Alabama won the NCAA Football National Championship Monday night. The success was expected as the Crimson Tide, led by head coach Nick Saban, have now won six national titles over the past 12 years.
Saban is making a habit of hoisting national championship trophies skyward. With Monday’s 52-24 victory over Ohio State, he equaled the total of national titles won by Bear Bryant, the revered University of Alabama football coach. Add Saban’s 2003 title at LSU which he left after the following season to try his hand in the NFL, and no coach in major college football has won more. It should be noted that it took Bryant 25 years to win his six titles at Alabama.
One reason Saban has maintained success over a decade now is his ability to adapt to the times. In his younger days, Saban was all about defense. Alabama now possesses the most prolific offense in the country. In fact, Saban’s air power was so daunting that an Alabama wide receiver, DeVonta Smith, this month became the first wide receiver in nearly three decades to win the Heisman Trophy.
I can not think of a reason why Saban’s title count will come to an end any time soon. He is under contract at Alabama for another five seasons. History tells us that will equate to a couple more championships.
The accumulation of titles has led to talk of how Alabama’s domination of college football is harming the game. How only the Crimson Tide and a few other schools are the lone programs that have a chance to win a national title.
I am not sure what can be done to break up the stranglehold the likes of Alabama, Clemson, and Ohio State have on the game.
The NCAA could change recruiting rules in an effort to spread the talent around the country. Alabama, Clemson, and Ohio State annually get the best high school recruits. All three just reload on a yearly basis.
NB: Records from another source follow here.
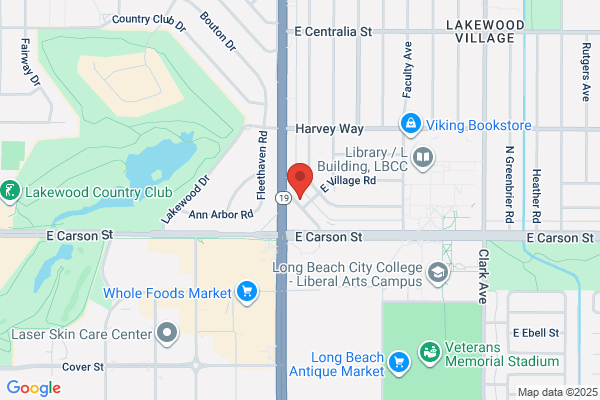 Shelly Carroll G Law Office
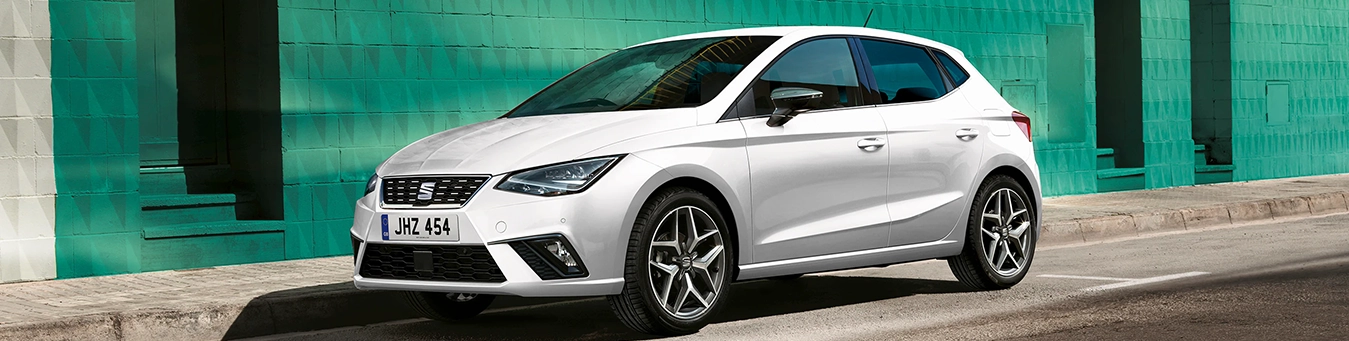 Autos Seat: Modelos, Costos y Seguros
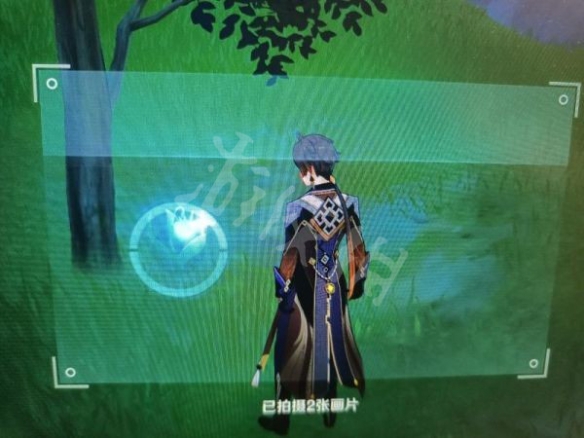 游侠网7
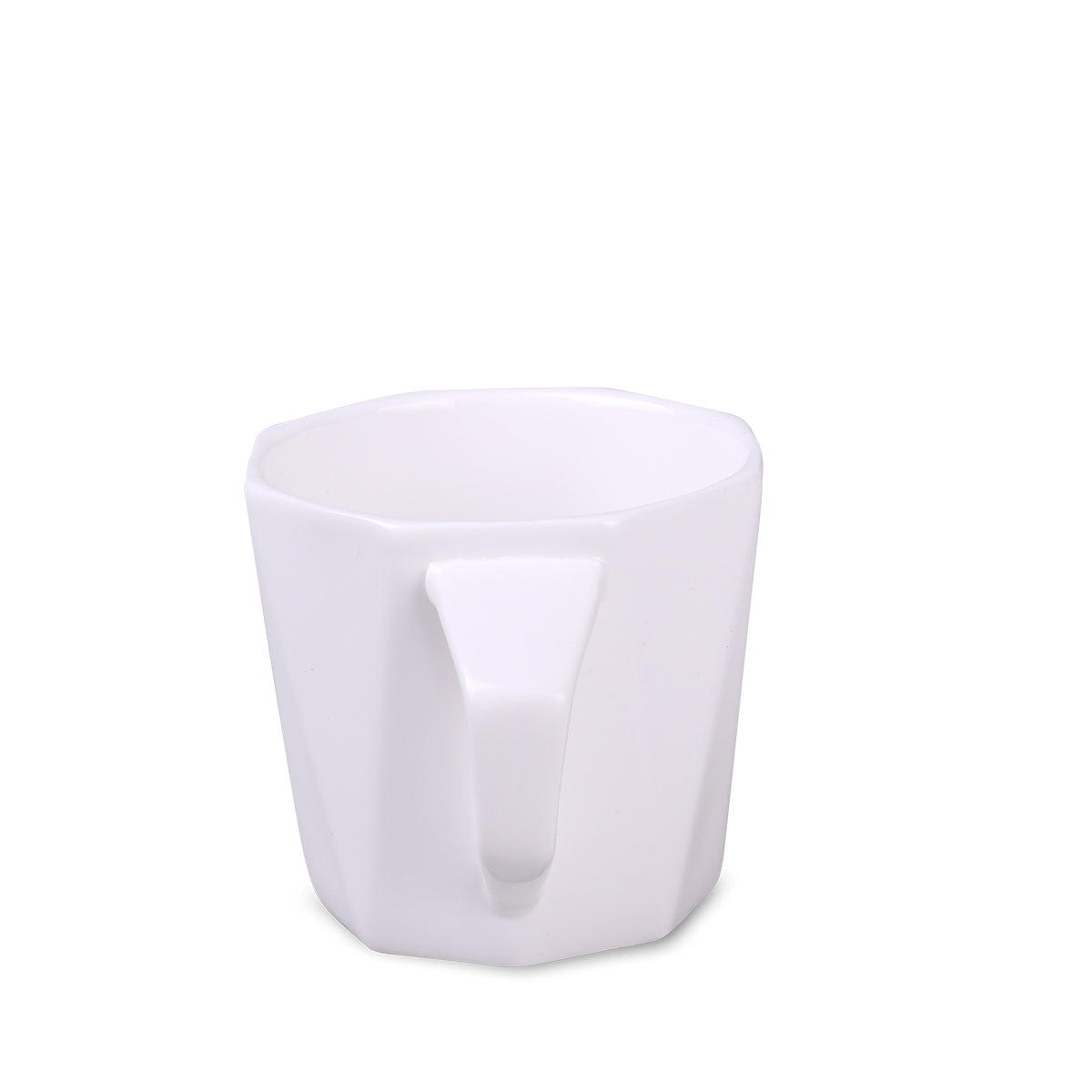 Tiara 250 hvid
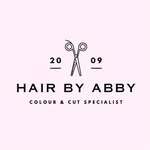 Abby Cheney - @abbycheney.hair - Instagram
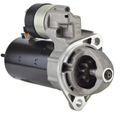 REMAN STARTER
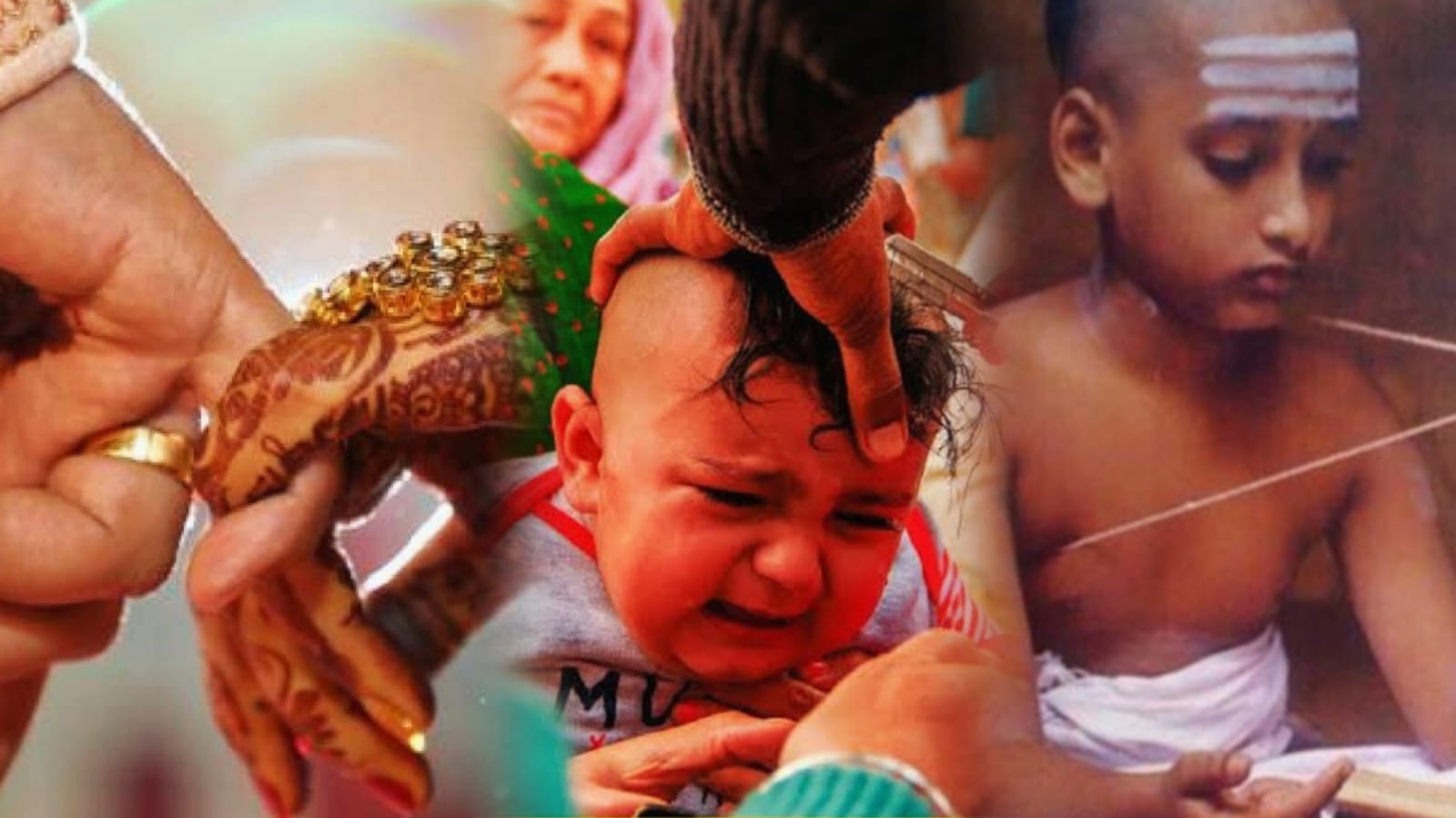 सावन के महीने में क्यों नहीं होता है कोई मांगलिक कार्य, जानिए क्या है असली कारण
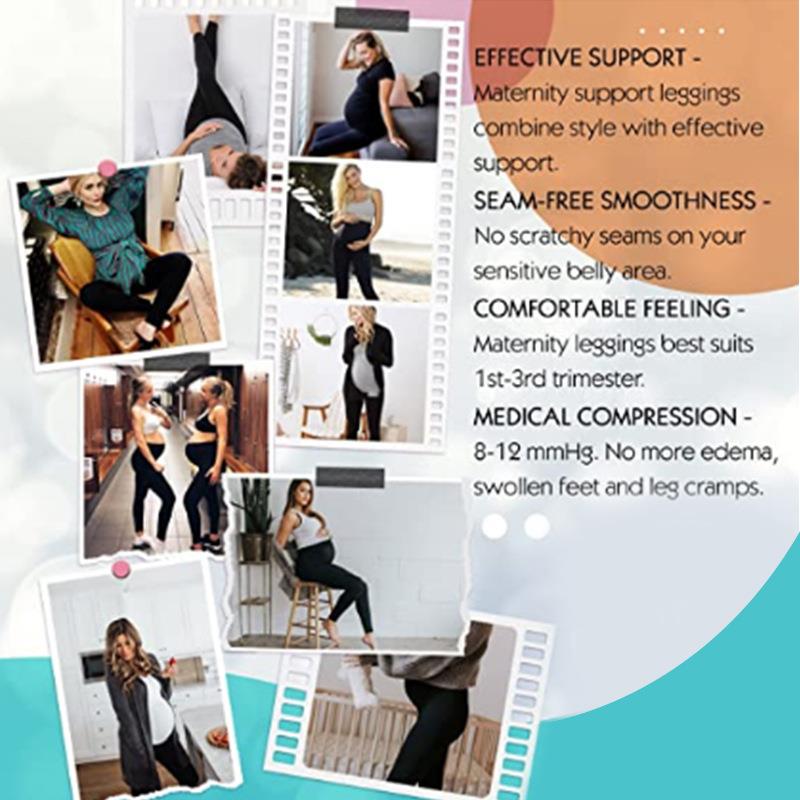 pants yoga sports pants maternity wear outer leggings pants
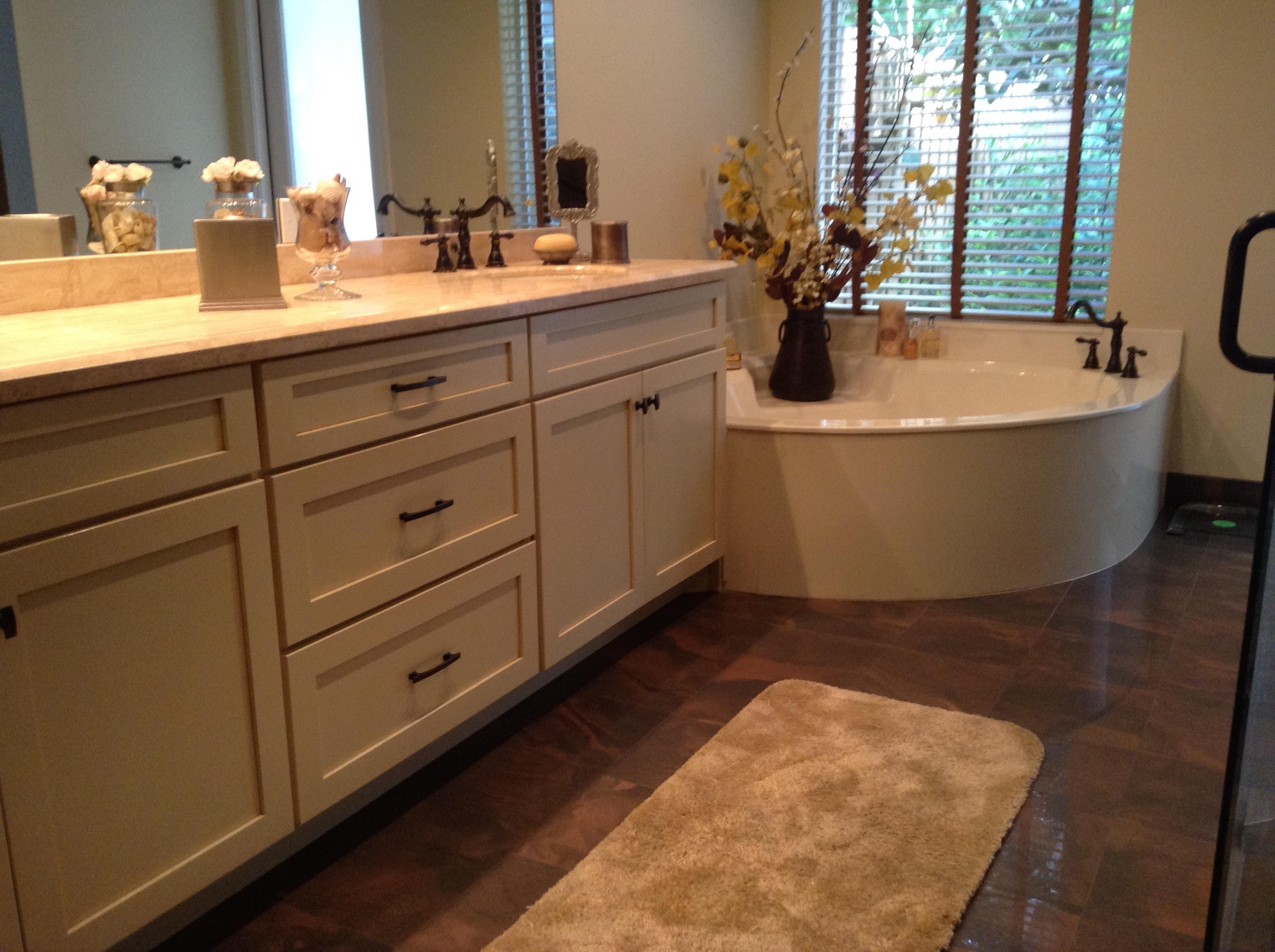 6654 Northwest 23rd Terrace Boca Raton, FL 33496 - Photo 14 of 36 IMG_0985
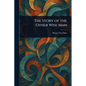 The Story of the Other Wise Man - Paperback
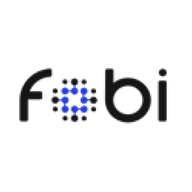 Logo for Fobi AI Inc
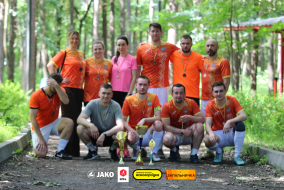 <a href="https://st.getinfootball.com/albums/1102474/6a44dde50bfd9_1920.jpg" target="_blank">Завантажити оригінал</a>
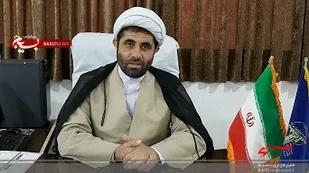 فتح خرمشهر نشانگر اوج ایثار و مقاومت در برابر دشمن بود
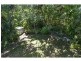 6 Boulder Court, Nelly Bay QLD 4819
College football could reduce team scholarship limits from 85 to 75. This would prevent elite programs from hoarding the best players, spreading the talent around more evenly.
Some think that increasing the playoff field from four to eight teams would make the higher ranked schools to win three games to capture a title. Doing this would also boost their exposure and appeal to recruits.
Of course, if Saban retired there could be titles out there for other coaches to win. But why would he do that. Saban is still winning titles and is scheduled to make more than $10 million this contract year. If he retired, there’s a good chance Alabama’s dynasty would level off after a few years.
I looked up the following. In its last season before Saban, Alabama finished 6-7. It was back in 2006, the end of a 10-year period in which a different team won at least a share of the national title every year, including Florida, Texas, Southern California, Oklahoma, Michigan, Ohio State and Tennessee.
Since 2006, it has all been Saban and Alabama it seems.